• _GIVEN ENTRIES_
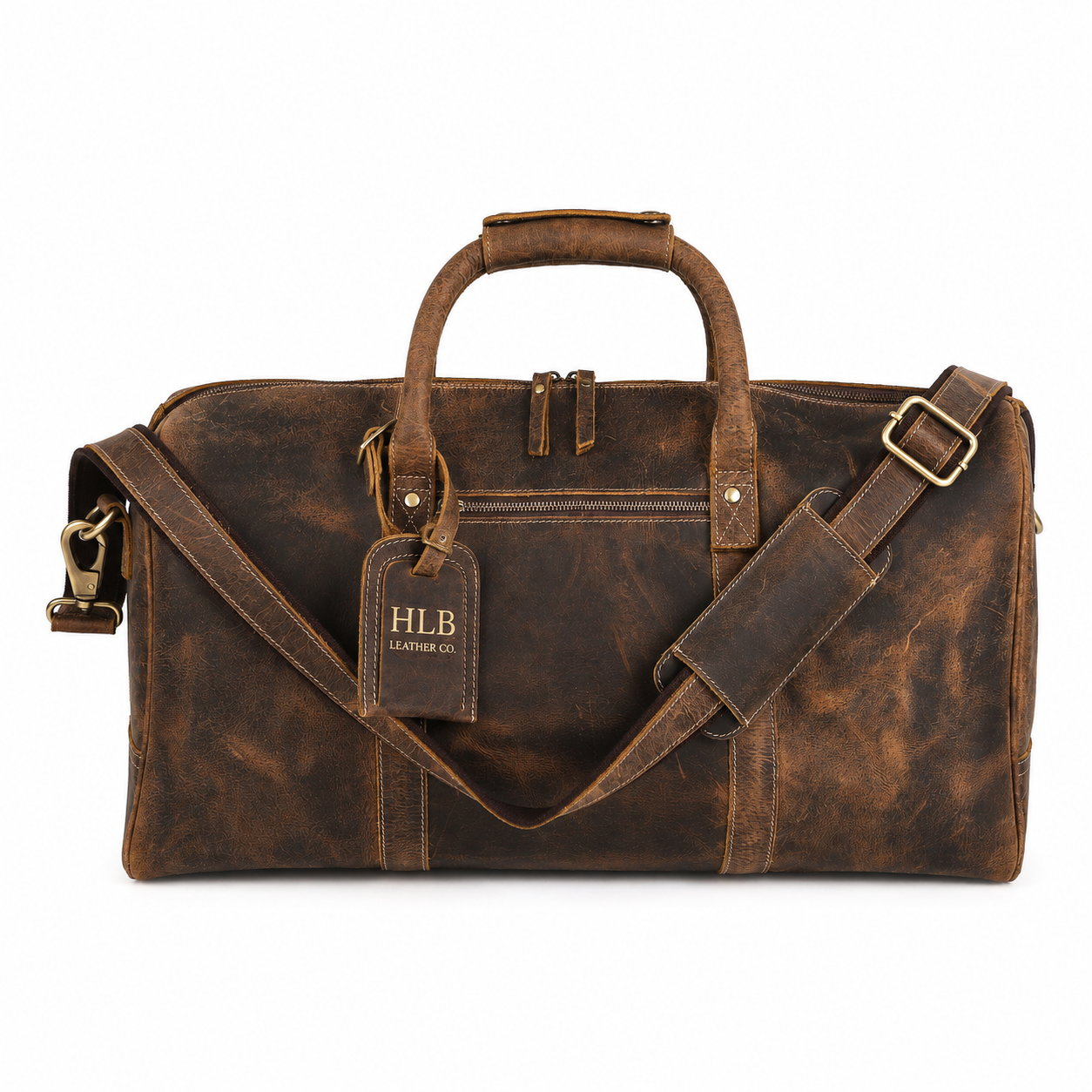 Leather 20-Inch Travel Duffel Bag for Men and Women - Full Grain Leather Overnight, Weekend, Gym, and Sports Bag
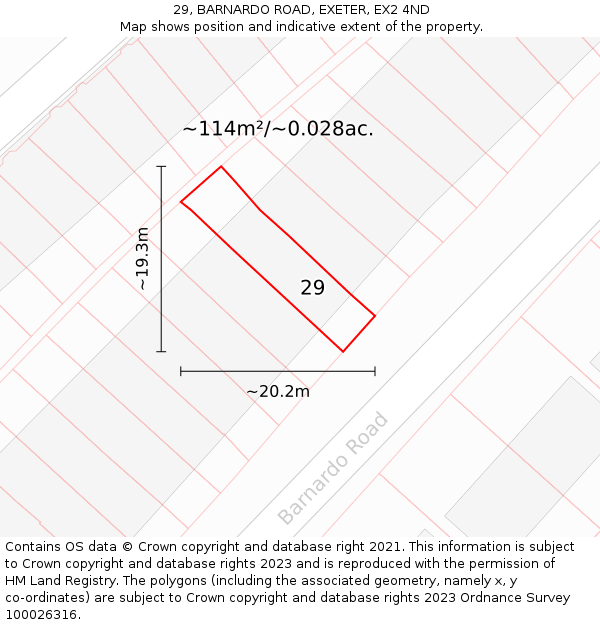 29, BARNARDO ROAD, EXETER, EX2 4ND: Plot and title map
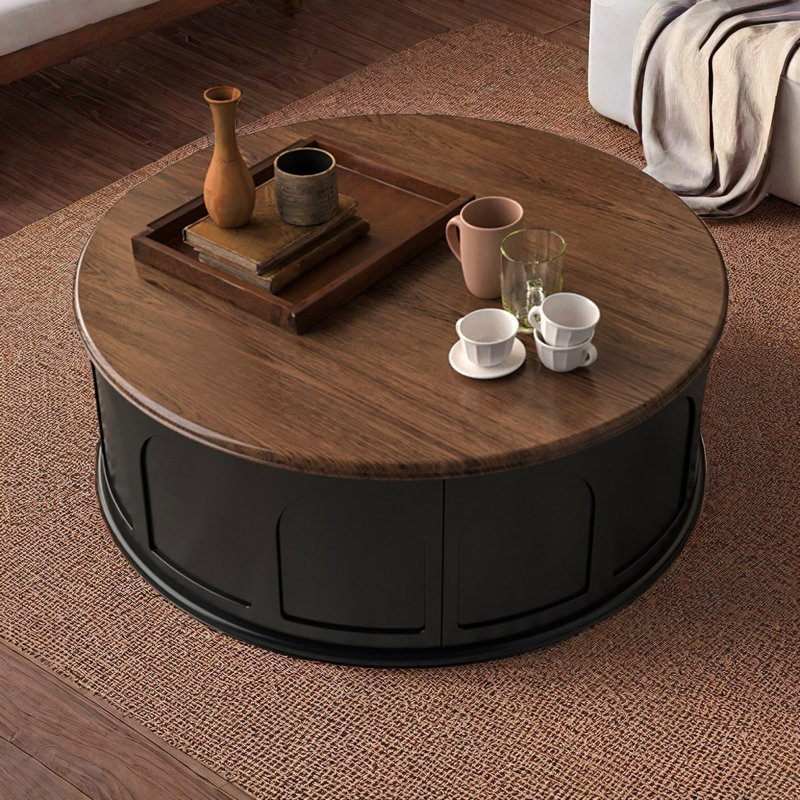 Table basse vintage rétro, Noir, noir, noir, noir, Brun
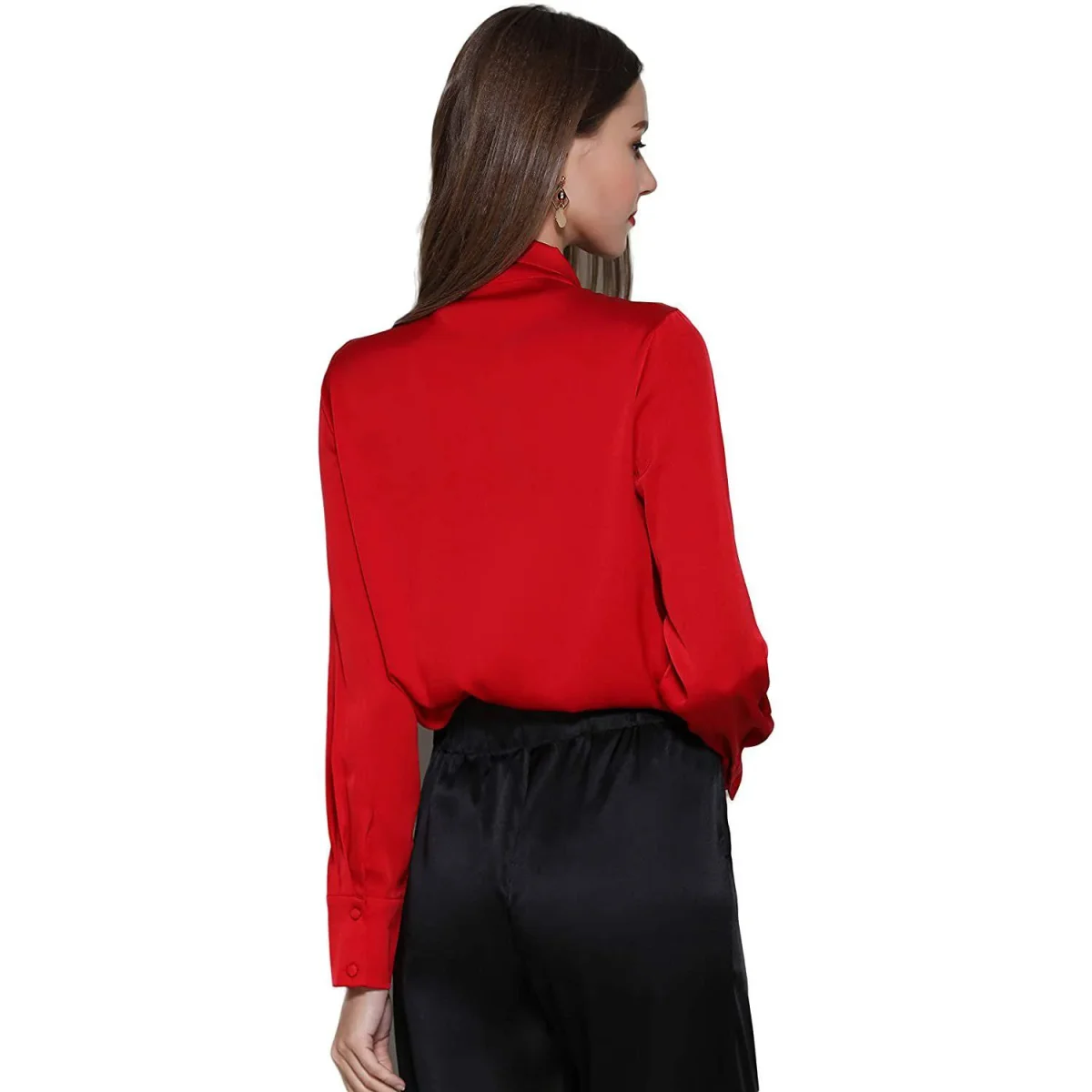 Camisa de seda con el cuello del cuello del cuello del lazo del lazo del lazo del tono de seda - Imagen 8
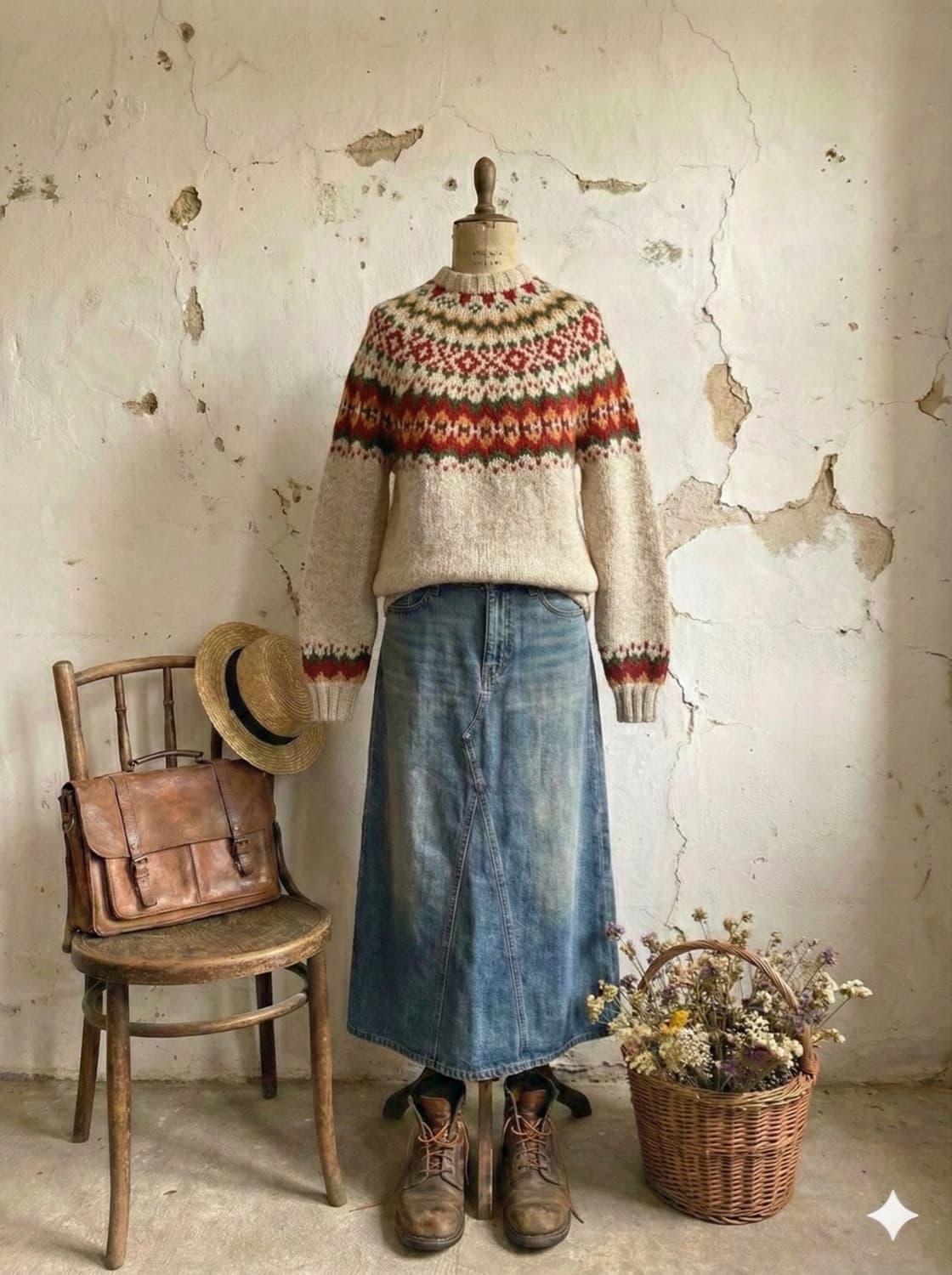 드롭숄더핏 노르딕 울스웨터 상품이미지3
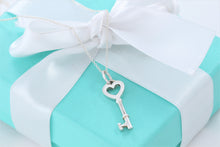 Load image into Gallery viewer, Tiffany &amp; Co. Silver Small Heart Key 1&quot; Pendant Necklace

• _EXERCISE DESCRIPTION_
Copy nothing but the lines above from the one with "Table basse vintage" through the end of the material, word for word, and drop the pictures.

• _SOLUTION_
 Table basse vintage rétro, Noir, noir, noir, noir, Brun
 Camisa de seda con el cuello del cuello del cuello del lazo del lazo del lazo del tono de seda - Imagen 8
 드롭숄더핏 노르딕 울스웨터 상품이미지3
 Load image into Gallery viewer, Tiffany &amp; Co. Silver Small Heart Key 1&quot; Pendant Necklace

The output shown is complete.